Queen of Heaven – Diego Velázquez

I hope you enjoy them, learn from them, and share them with others. They are listed from the most recent to the first one I wrote in August 2012.

1.“Mondays with Mary – 7 Quotes on the Queenship of Mary by Blessed Pope Pius XII

2. “Mondays with Mary” – The Queen of Mercy

3.  Blessed John Paul II (now Pope St. JP 2) on the Queenship of Mary

4. The Queenship of Mary: Advocate, Co-Redemptrix, and Mediatrix

5. “Mondays with Mary” – If Jesus Christ is the King; then is Mary the Queen?

6. “Mondays with Mary” – The Queenship of Mary

7. “Mondays with Mary”: John the Apostle, Mother I Beseech You

O Theotokos and Advocating Queen Mother…Pray for All Christians and All of Humanity.

“Mondays with Mary – 7 Quotes on the Queenship of Mary by Blessed Pope Pius XII

Since today, August 22, is the Memorial of the Queenship of Mary, a topic that I have written on many times, which you can read here; I thought I would add another blog post to this already extensive subject, which is often misunderstood by many non-Catholics. One of the questions often asked is – how is Mary a Queen? But if we believe that Christ is the King, then it makes perfect sense, as it did in the Old Testament and was completed in the New, that Mary would be and is the Queen.

If you are seeking an answer for what I have stated above, feel free to read any of the previous blog posts on the topic. However, for today’s post on the Queenship of Mary, I want to share with you 7 quotes from the encyclical, Ad Caeli Reginam (On the Proclamation of the Queenship of Mary), written by Blessed Pope Pius XII and promulgated on October 11, 1954 –

1. “From the earliest ages of the catholic church a Christian people, whether in time of triumph or more especially in time of crisis, has addressed prayers of petition and hymns of praise and veneration to the Queen of Heaven. And never has that hope wavered which they placed in the Mother of the Divine King, Jesus Christ; nor has that faith ever failed by which we are taught that Mary, the Virgin Mother of God, reigns with a mother’s solicitude over the entire world, just as she is crowned in heavenly blessedness with the glory of a Queen.”

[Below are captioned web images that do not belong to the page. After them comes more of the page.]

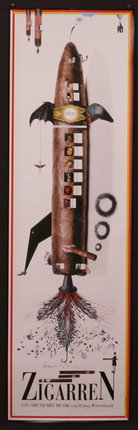 a poster of a rocket
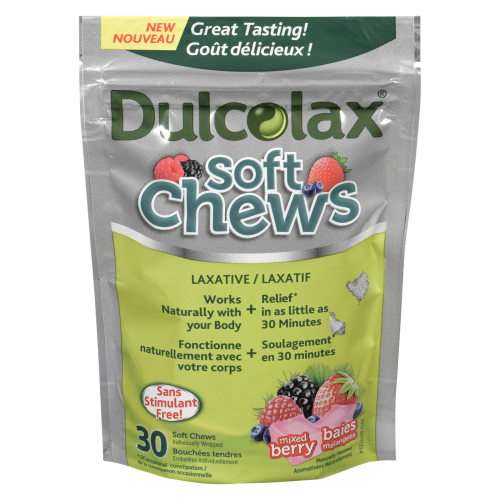 Dulcolax Soft Chews 30 Mixed Berries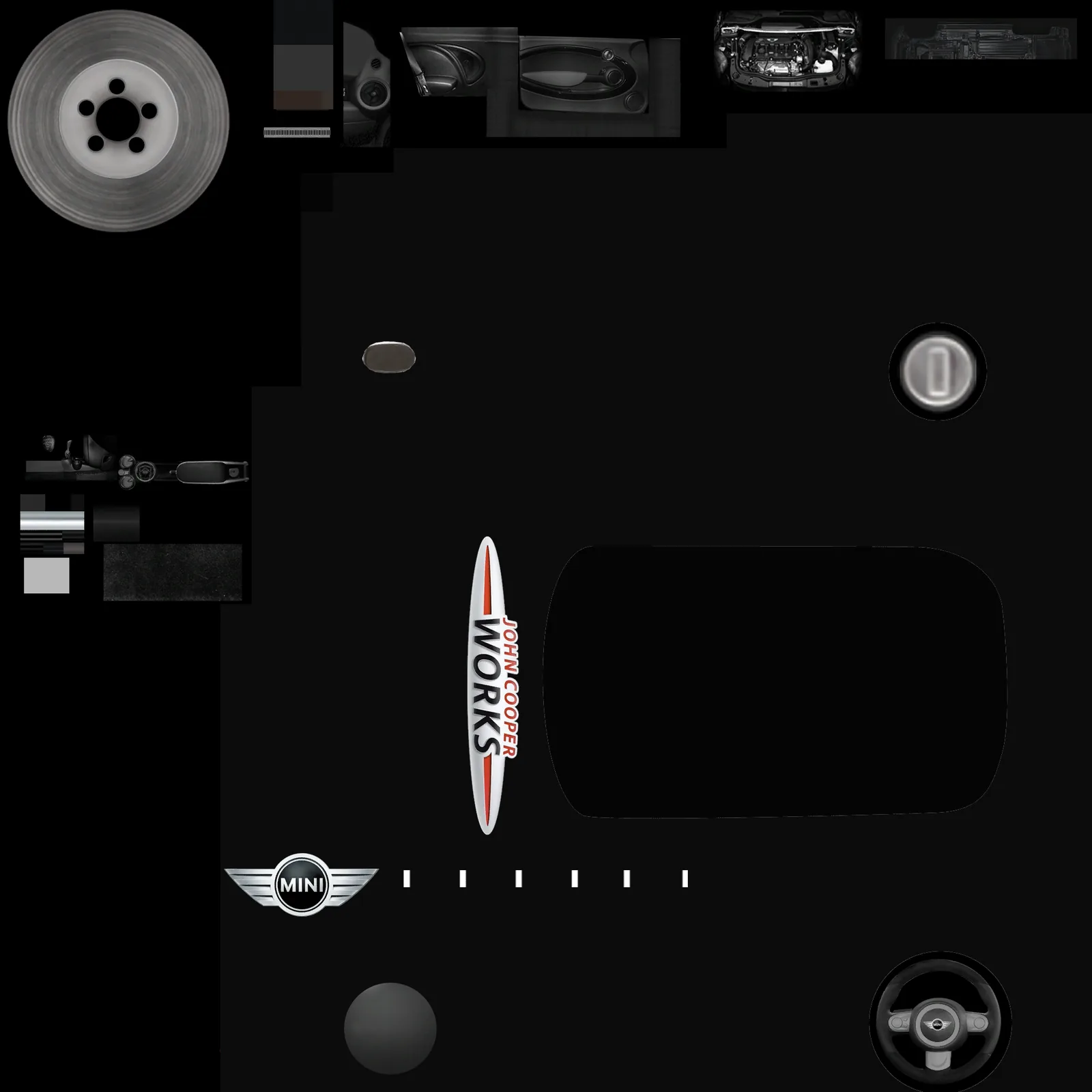 MINI 2009 John Cooper Works: presença física com escala, atmosfera e intenção - imagem 4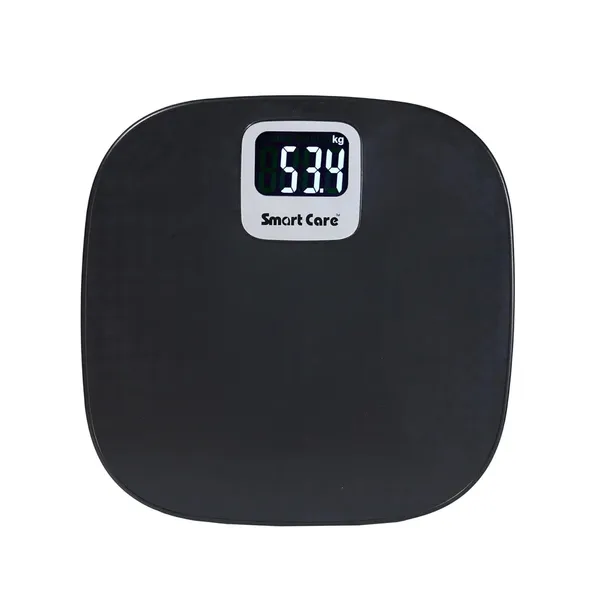 Smartcare_Electronic_Bathroom_Weighing_Scale_Sc0182_High_Precision_Digital_Body_Weight_Scale_With_Auto_Step_On_180Kg_Capacity_White_Led_Display_Lightweight_Durable_Design_Black
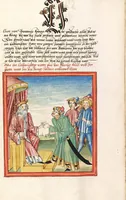 An illustration from Pontus und Sidonia (1475)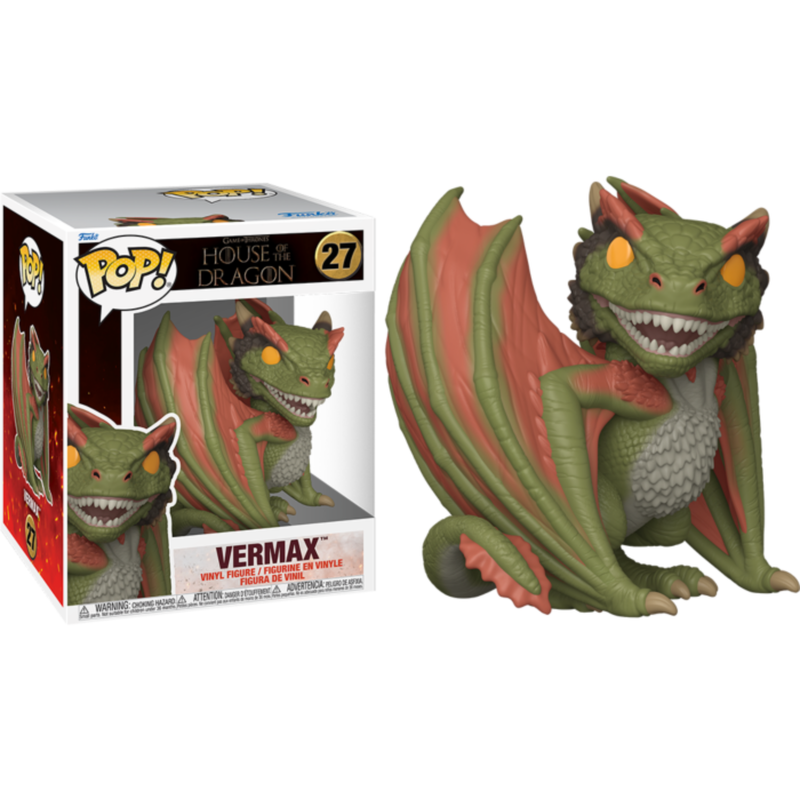 Game of Thrones: House of the Dragon - Vermax 6" Super Sized Pop! Vinyl Figure
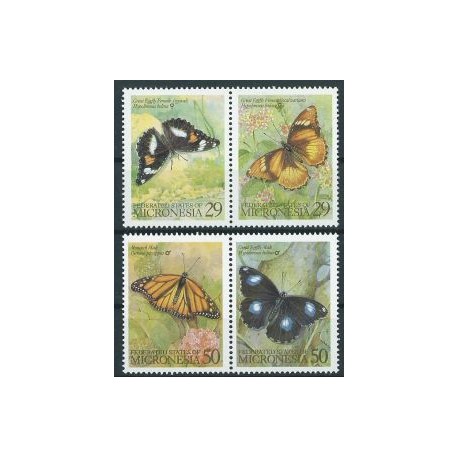 Mikronezja - Nr 313 - 16 1993r - Motyle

2. “In this matter We do not wish to propose a new truth to be believed by Christians, since the title and the arguments on which Mary’s queenly dignity is based have already been clearly set forth…From early times Christians have believed, and not without reason, that she of whom was born the Son of the Most High received privileges of grace above all other beings created by God…And when Christians reflected upon the intimate connection that obtains between a mother and a son, they readily acknowledged the supreme royal dignity of the Mother of God.”

3. “The theologians of the Church, deriving their teaching from these [the Early Church Fathers] and almost innumerable other testimonies handed down long ago, have called the most Blessed Virgin the Queen of all creatures, the Queen of the world, and the Ruler of all…The Supreme Shepherds of the Church have considered it their duty to promote by eulogy and exhortation the devotion of the Christian people to the heavenly Mother and Queen.”

Queen of Heaven - Diego Velázquez

Queen of Heaven – Diego Velázquez

4. “But the Blessed Virgin Mary should be called Queen, not only because of her Divine Motherhood, but also because God has willed her to have an exceptional role in the work of our eternal salvation. “What more joyful, what sweeter thought can we have” – as Our Predecessor of happy memory, Pius XI wrote – “than that Christ is our King not only by natural right, but also by an acquired right: that which He won by the redemption?…”

5. “Now, in the accomplishing of this work of redemption, the Blessed Virgin Mary was most closely associated with Christ; and so it is fitting to sing in the sacred liturgy: ‘Near the cross of Our Lord Jesus Christ there stood, sorrowful, the Blessed Mary, Queen of Heaven and Queen of the World.’ Hence, as the devout disciple of St. Anselm (Eadmer, ed.) wrote in the Middle Ages: ‘just as . . . God, by making all through His power, is Father and Lord of all, so the blessed Mary, by repairing all through her merits, is Mother and Queen of all; for God is the Lord of all things, because by His command He establishes each of them in its own nature, and Mary is the Queen of all things, because she restores each to its original dignity through the grace which she merited.’”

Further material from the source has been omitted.